We have written extensively about the benefits of hiring a private investigator, but there are some inherent risks you may have never thought about.
If you are trying to conduct a discreet investigation, such as doing surveillance, there is always a chance that the investigator will get caught red-handed. Similarly, if you are making discreet inquiries, word can always get back to the person you are investigating. Even with the most diligent of planning, it can happen to the best of investigators.
When you hire an accountant to do your taxes, you expect your taxes to be completed once he is done. But you may spend hundreds or even thousands on a private investigator and you will still be in the same place as you started—with a lack of clarity.

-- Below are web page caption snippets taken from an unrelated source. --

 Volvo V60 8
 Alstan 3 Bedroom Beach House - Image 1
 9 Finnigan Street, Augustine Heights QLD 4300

You don’t give a bartender $7 and hope she brings you a drink back. But you may have to pay a $1,000 retainer to an investigator and get nothing of value in return.

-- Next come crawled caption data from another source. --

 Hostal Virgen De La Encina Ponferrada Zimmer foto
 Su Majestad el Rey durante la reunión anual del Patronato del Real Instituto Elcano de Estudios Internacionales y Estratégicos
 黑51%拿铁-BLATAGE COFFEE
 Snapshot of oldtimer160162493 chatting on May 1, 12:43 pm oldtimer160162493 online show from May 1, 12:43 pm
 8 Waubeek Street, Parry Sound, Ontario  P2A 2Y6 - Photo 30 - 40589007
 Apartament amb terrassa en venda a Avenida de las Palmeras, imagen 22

There are dozens of examples out there of investigators providing illegal information to their clients, which ultimately got them burned. A few years back, a Massachusetts woman who hired a Virginia private investigator to find hidden assets had her case thrown out because the “evidence” that the private investigator provided on some offshore bank accounts “did not exist and was ‘created’ to turn a profit.”

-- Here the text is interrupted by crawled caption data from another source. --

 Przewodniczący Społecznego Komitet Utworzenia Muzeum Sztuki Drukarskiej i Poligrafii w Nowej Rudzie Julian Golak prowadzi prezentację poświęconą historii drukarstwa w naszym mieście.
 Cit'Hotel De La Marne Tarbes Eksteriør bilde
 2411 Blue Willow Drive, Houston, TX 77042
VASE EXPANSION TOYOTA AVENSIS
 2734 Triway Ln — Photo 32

Lots of investigators like to be all things to all people, touting their expertise in everything from executive protection to bomb-sniffing dogs to cyber investigations and computer forensics to lie detection and interviewing skills. It’s impossible to be great at everything.
You may need evidence that your ex is hiding money or that your legal opponent was conspiring with your competition or that certain testimony was false. But sometimes, you have to deal with bad facts, like your ex isn’t hiding money, the competition was conspiring against you, and the testimony was truthful. Unlike the movies, these things don’t always have a happy ending.
Investigators are not known as the most reliable group. I know because I have worked with lots of them who aren’t.
There is an inherent trust that you put in an investigator about their methods of conducting an investigation. After all, you can’t be breathing down their neck.
Secret sources sound intriguing, but they introduce reliability problems into an investigation. If the secret source can’t be independently vetted or verified, it’s impossible to determine if the information was obtained illegally, through shady methods, or if it’s just a figment of someone’s imagination.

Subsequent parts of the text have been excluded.